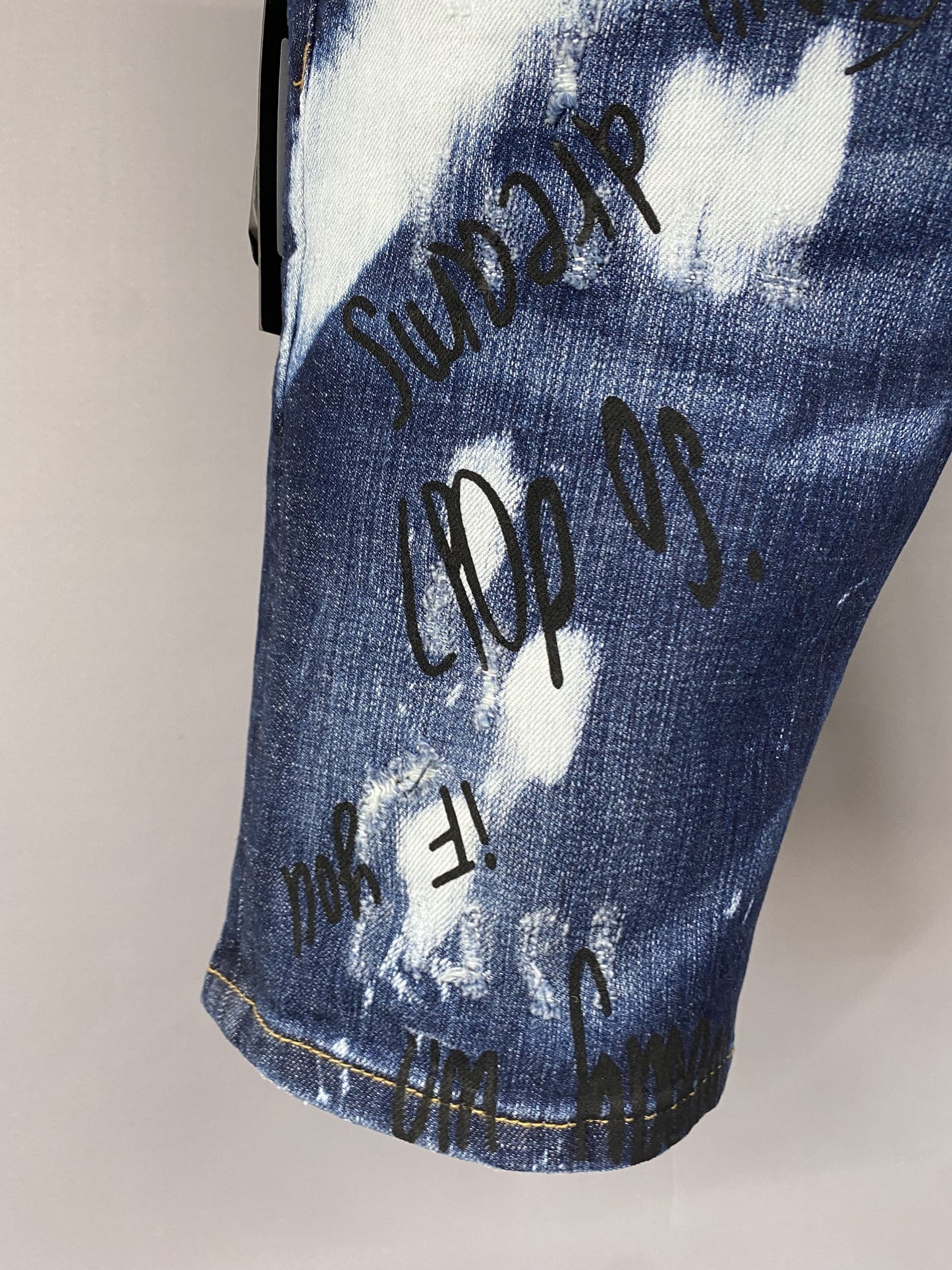 Jeans Dsquared2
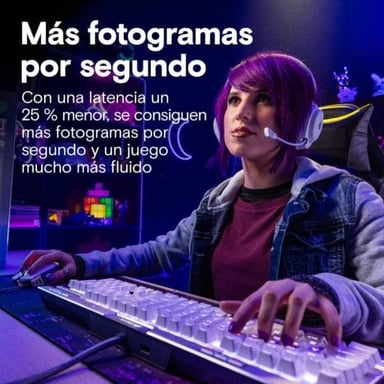 Crucial PRO CP2K16G60C36U5W 32GB(16x2) DDR5-6000MH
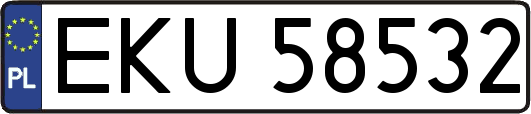 EKU58532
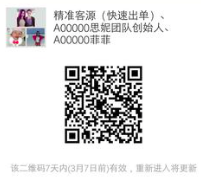 轻Ⱥά
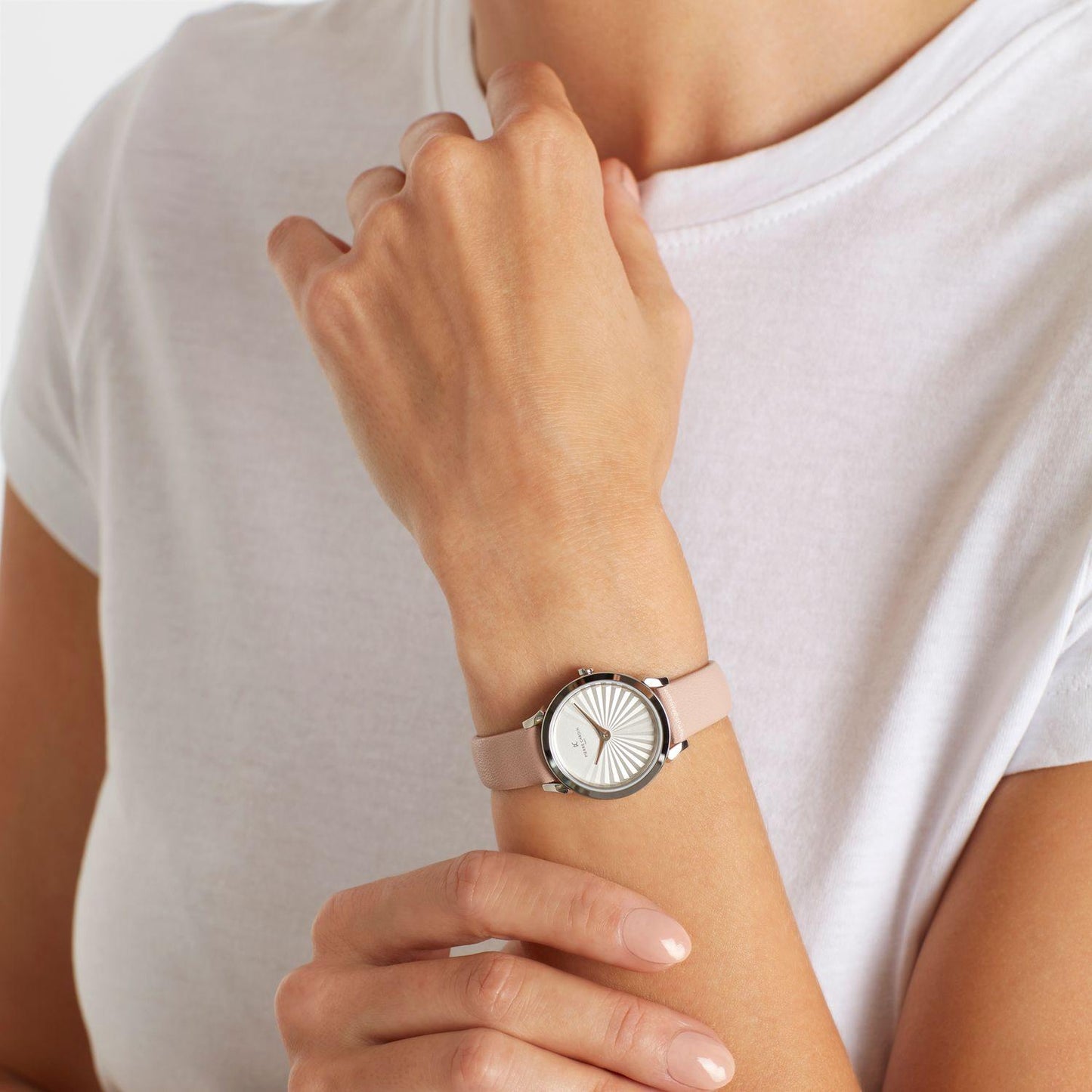 PIERRE CARDIN MOD. CPI-2506 PIERRE CARDIN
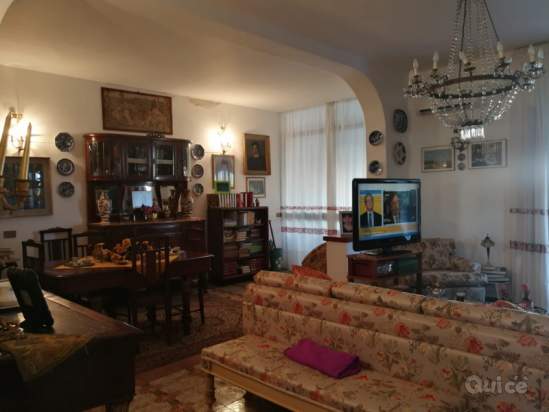 Bifamiliare in vendita a Cinisi (PA) foto-230575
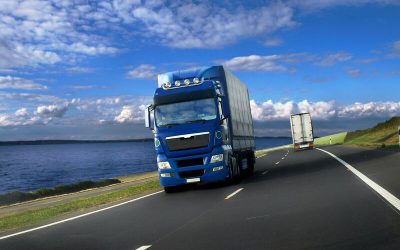 Save Money With Reliable Parts Sales Toledo OH for Your Vehicle Maintenance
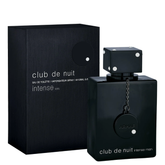 Club de Nuit Intense Man Armaf EDT 105ml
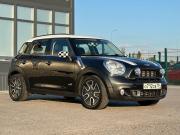 Mini Countryman I Волгоград  - изображение 47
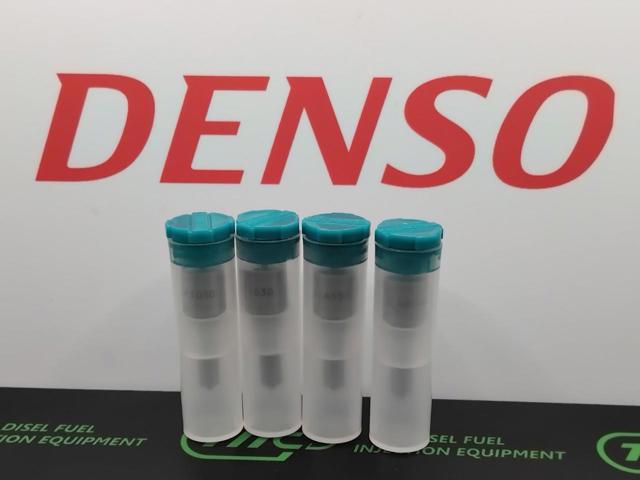  Denso DLLA155P1030 ціна, від 38.09 USD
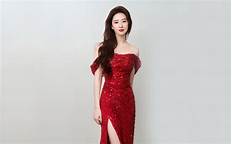 婚恋加盟店10大品牌(图3)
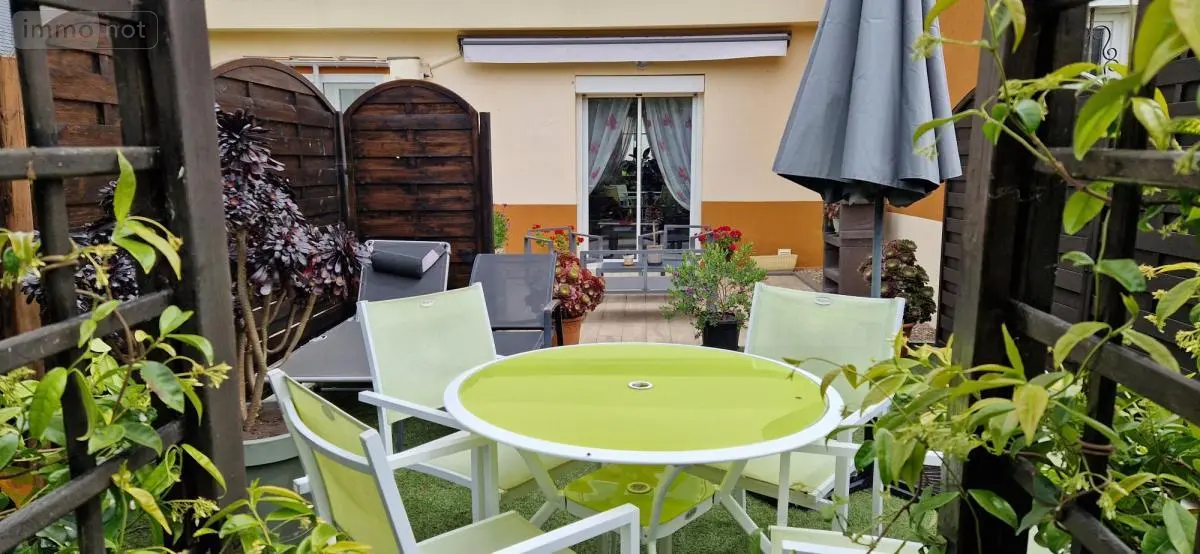 Maison a vendre Saint-Malo 35400 Ille-et-Vilaine 35 109 m2 4 pièces 710000 euros 35084-848 001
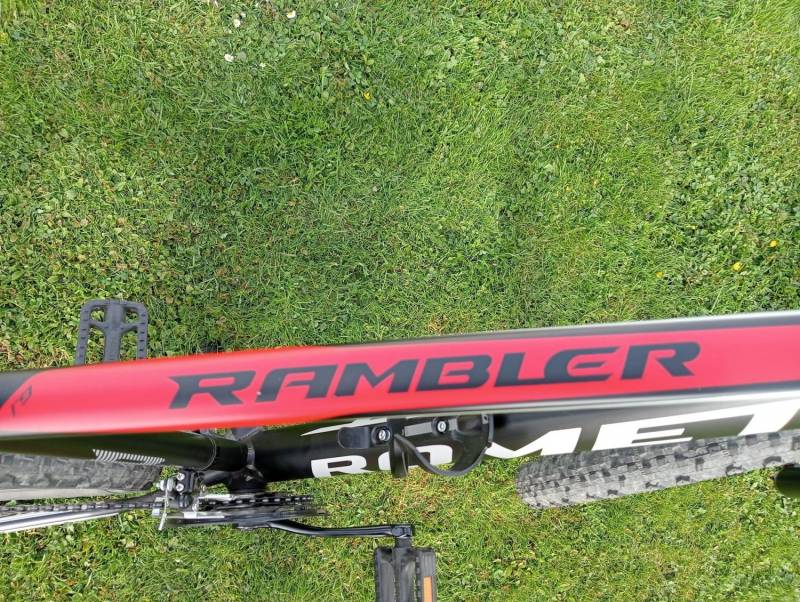 ox_sprzedam-rower-gorski-romet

⁂

Print, exactly as written, the lines from the one containing "Club de Nuit Intense Man Armaf EDT 105ml" to the end of the material, both ends included, and nothing else; no pictures.

 Club de Nuit Intense Man Armaf EDT 105ml
 Mini Countryman I Волгоград  - изображение 47
  Denso DLLA155P1030 ціна, від 38.09 USD
 婚恋加盟店10大品牌(图3)
 Maison a vendre Saint-Malo 35400 Ille-et-Vilaine 35 109 m2 4 pièces 710000 euros 35084-848 001
 ox_sprzedam-rower-gorski-romet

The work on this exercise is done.